● **Your goal**
Give back each line of the data exactly as it reads, minus the pictures.

● **Recorded data**
BEGIN

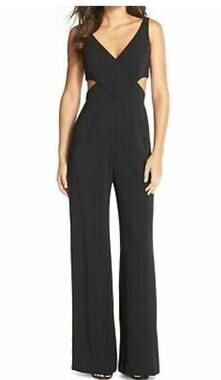 Jay Godrey Women's Formal Black V-Neck Jumpsuit Cutout Side Detail‎ Size 0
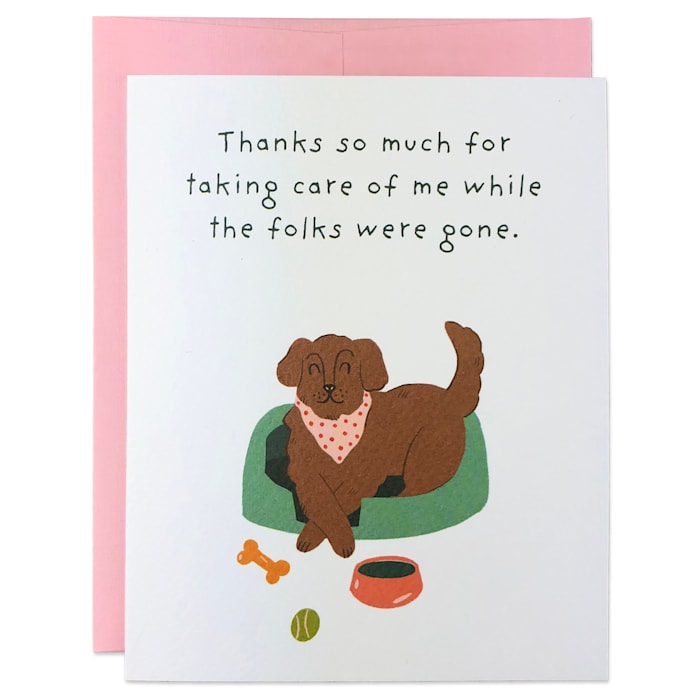 Moose & Pig What Happens Here Dog Thank You Card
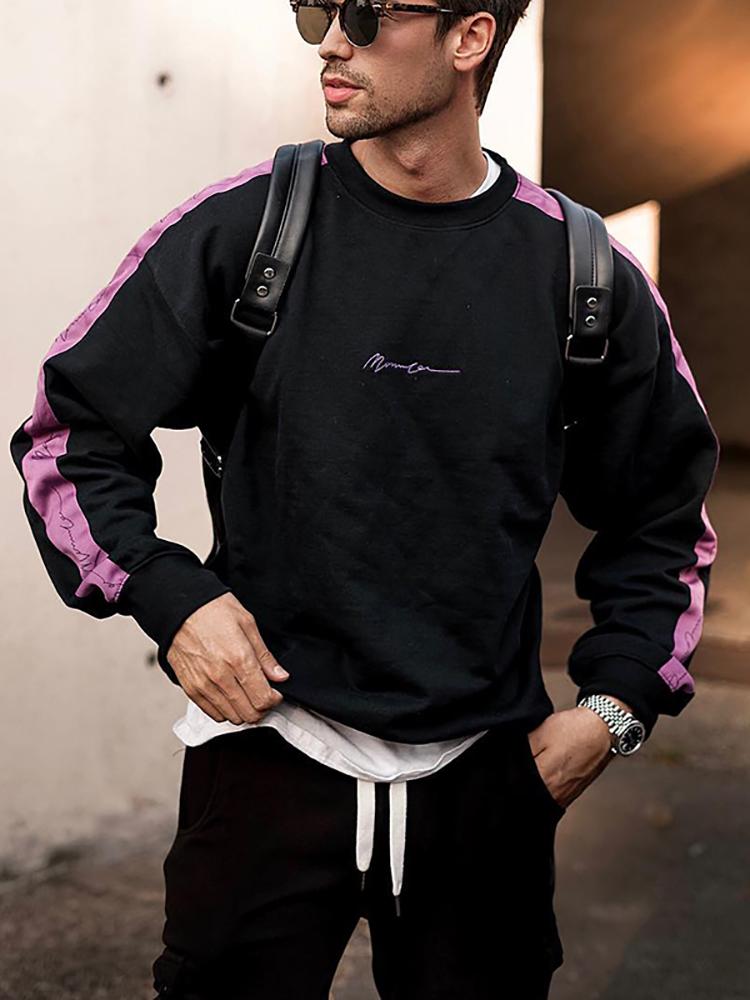 Men's Round Collar Long Sleeves Spliced Loose Sweatshirt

END

● **Output**
 Jay Godrey Women's Formal Black V-Neck Jumpsuit Cutout Side Detail‎ Size 0
 Moose & Pig What Happens Here Dog Thank You Card
 Men's Round Collar Long Sleeves Spliced Loose Sweatshirt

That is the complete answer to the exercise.